Brinkhaus ist zunächst bis Ende ­April gewählt, will sich aber für eine Fortführung des Amts bewerben. Sollte es zum Machtkampf kommen, fände der zeitgleich mit dem Landtagswahlkampf in Nordrhein-Westfalen statt – dem Heimatverband von Merz wie von Brinkhaus. Es wäre ein denkbar schlechter Zeitpunkt. Denn bei der NRW-Wahl Mitte Mai geht es für die CDU um nicht weniger als um den Verbleib an der Macht.

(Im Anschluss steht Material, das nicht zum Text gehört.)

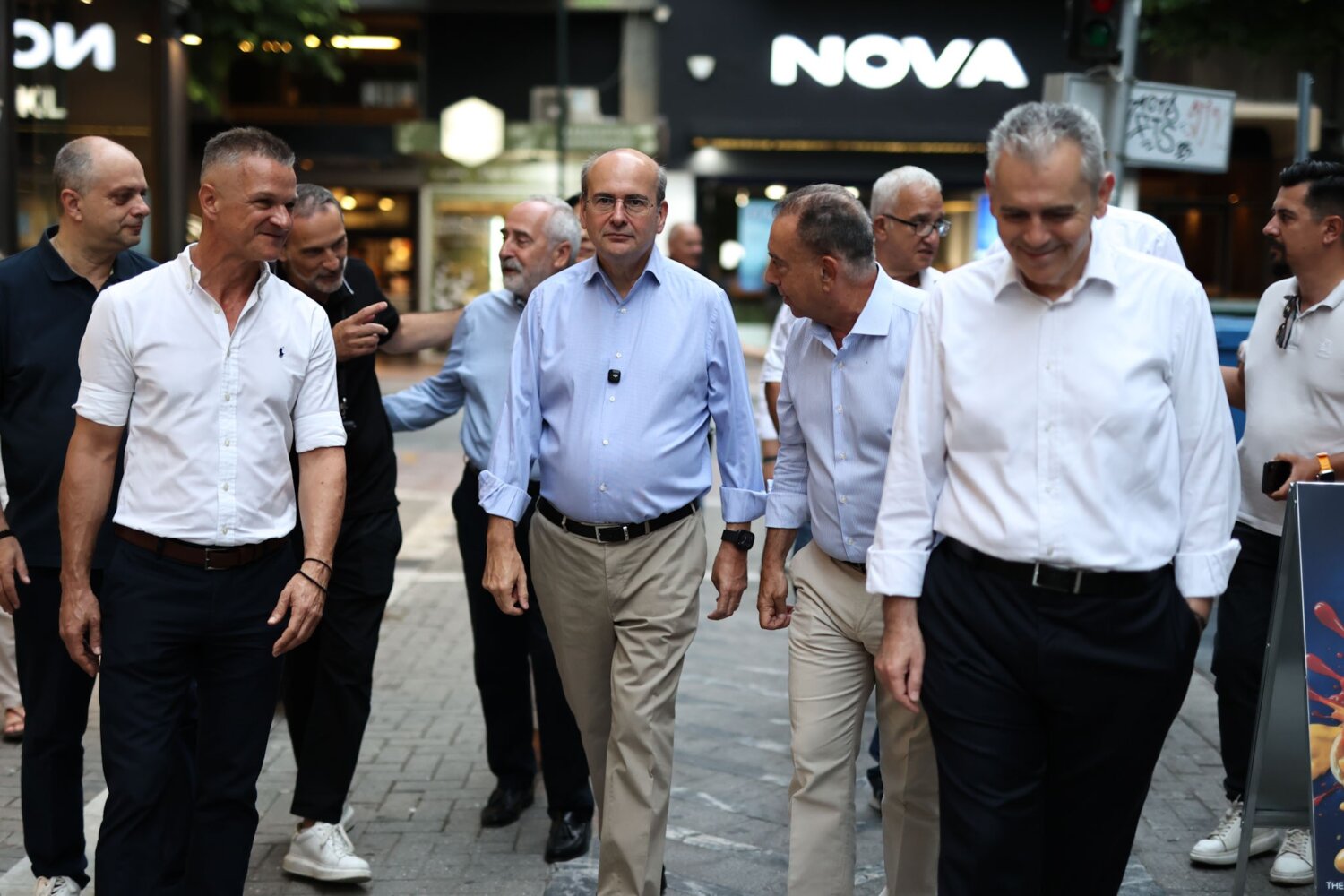 Με ιδιαίτερη επιτυχία η επίσκεψη του Κωστή Χατζηδάκη στη Λάρισα με αφορμή την επετειακή εκδήλωση της Δ.Ε.Ε.Π. Ν.Δ.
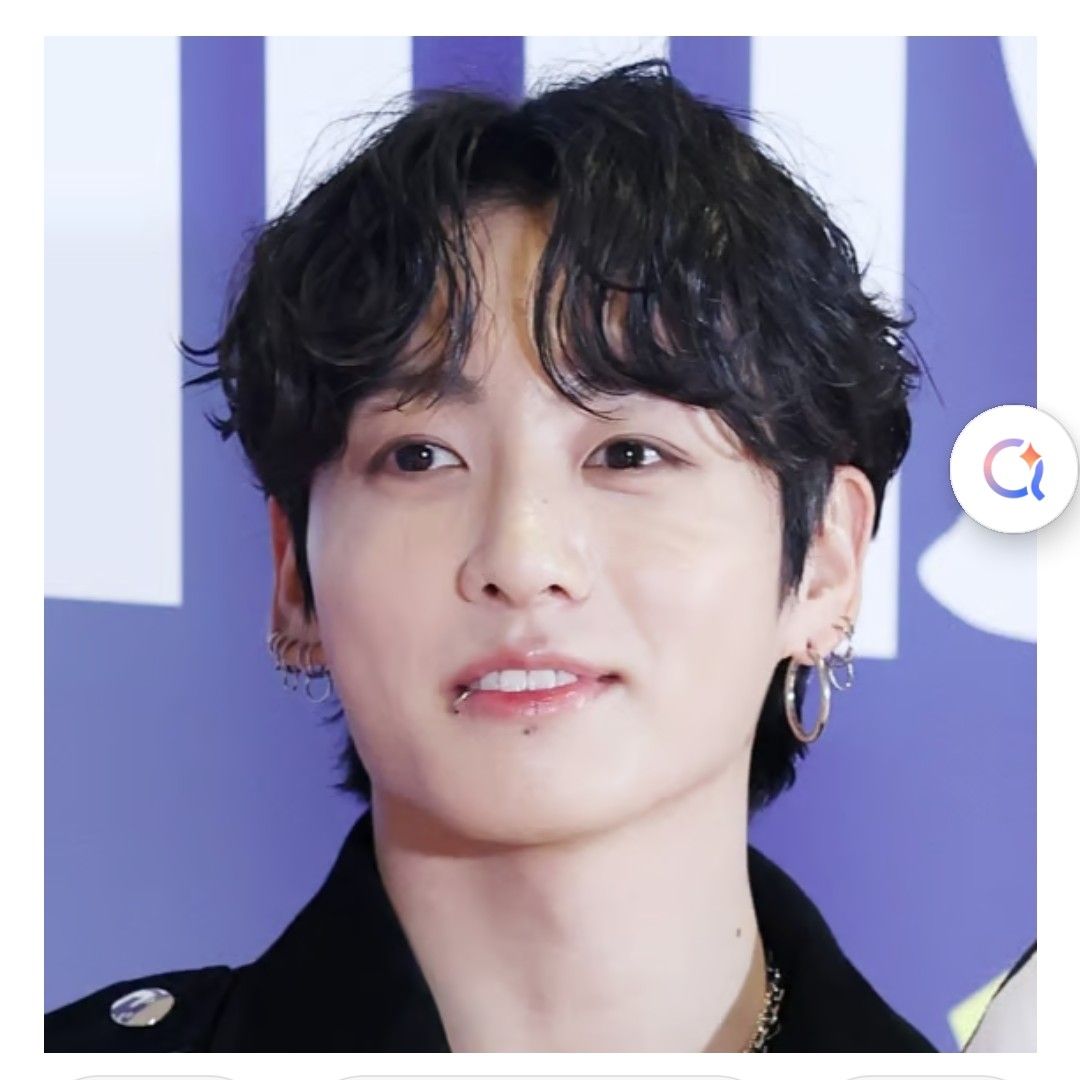 Momen yang diabadikan oleh penggemar Jungkook (BTS)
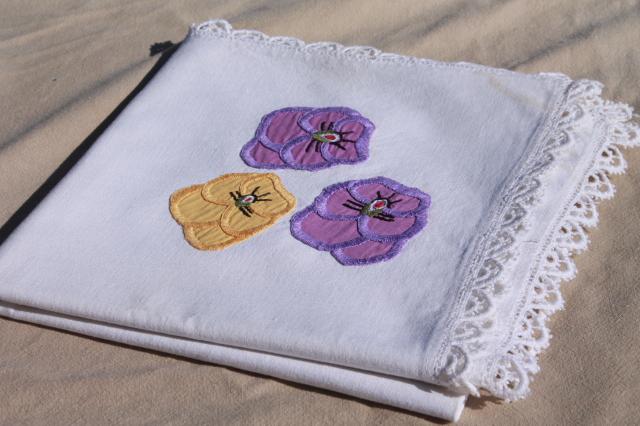 photo of vintage lace edged cotton tablecloth for luncheon / card table, appliqued pansies flowers #7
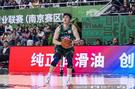 状态出色！赵柏清半场6中5高效拿下12分6篮板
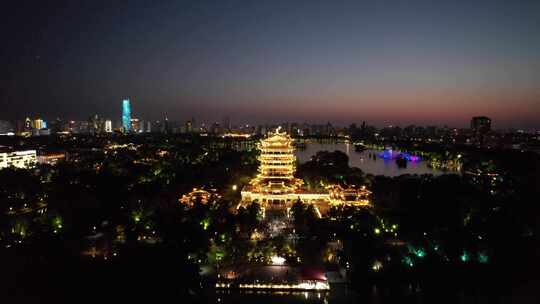 济南大明湖超然楼夜景航拍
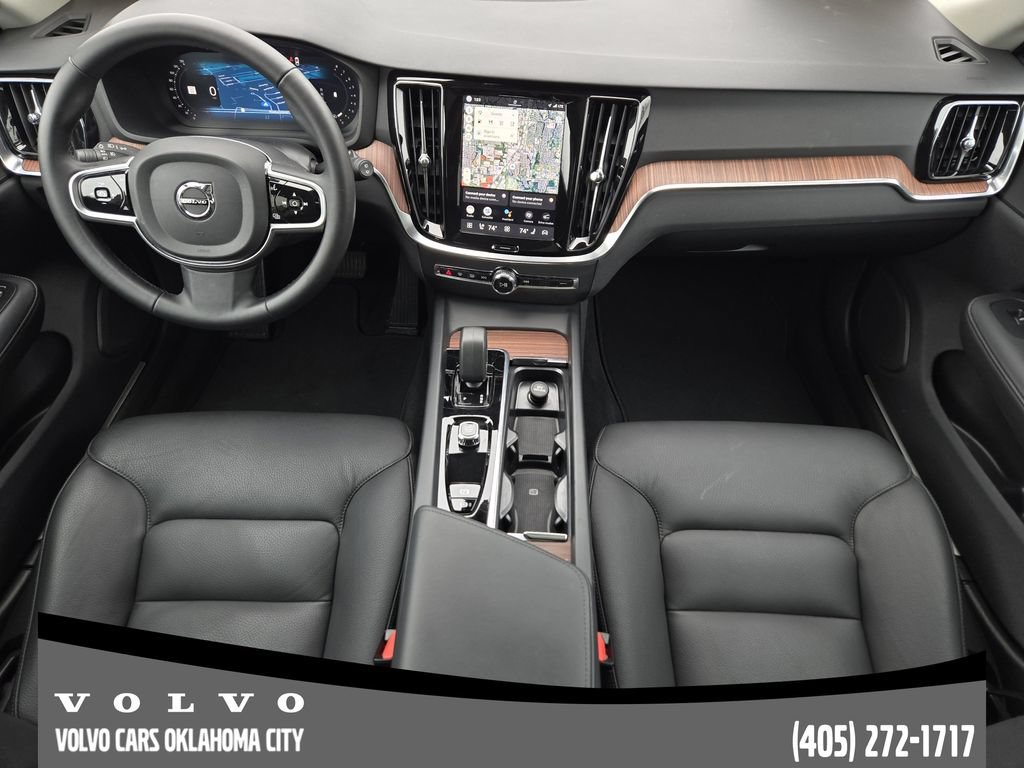 Certified 2025 Volvo V60 B5 Cross Country Plus AWD/4WD image 25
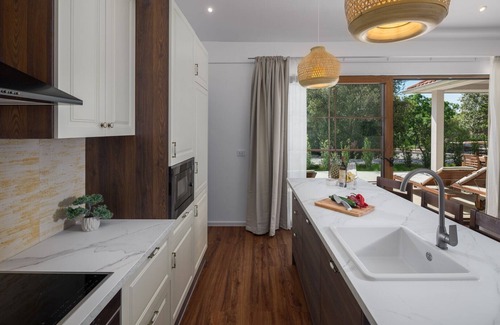 Bale Villa | Luxury Villa Bay Porto Bus by Villas Guide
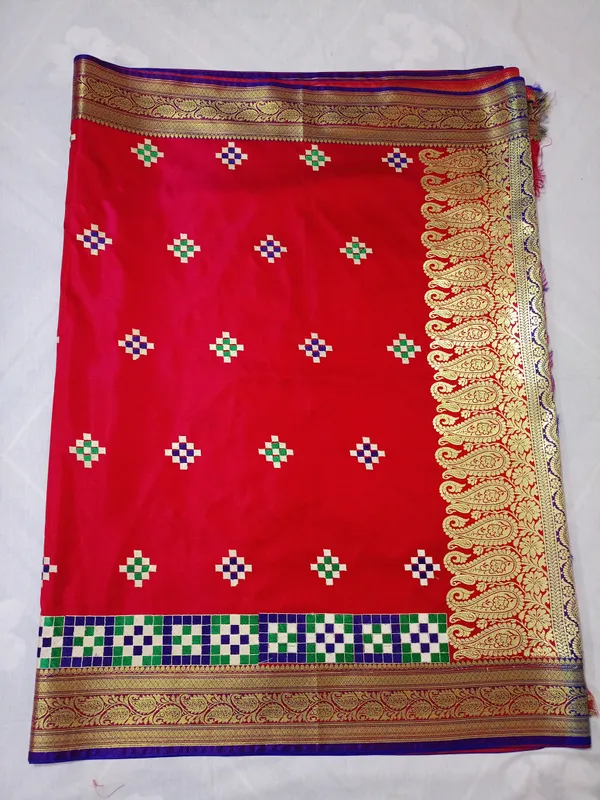 Red_Banarasi_Embroidery_Work_Saree_For_Women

Merz antwortet am Freitag auf die Frage, ob er den Fraktionsvorsitz anstrebt, ausweichend: „Das Thema steht derzeit nicht auf der Tagesordnung.“ Ein klares Nein klingt anders.

Als Merz dann nach dem schwierigen Verhältnis zur CSU gefragt wird, lässt er offener die Muskeln spielen. CSU-Chef Markus Söder wisse, „dass nur ein gutes Miteinander von CDU und CSU den gegenseitigen Erfolg sichert“, sagt Merz. Die CSU werde die Landtagswahl 2023 in Bayern nur gut bestehen, „wenn das Verhältnis zwischen CDU und CSU sehr gut, sehr konstruktiv ist“ und auch der CDU-Teil in der Union einen Beitrag zum guten Gelingen leisten könne. Derzeit seien „für uns und für die CSU die Umfragen außerordentlich unbefriedigend. Und daran müssen wir beide arbeiten.“

Aus der SPD erntete Merz Kritik. Die Union stehe vor der großen Aufgabe, sich inhaltlich und personell in der Opposition zu erneuern. Das werde mit Merz schwierig, denn der stehe „wie kaum ein anderer für das politische Gestern“, sagte die SPD-Fraktionsgeschäftsführerin Katja Mast unserer Redaktion.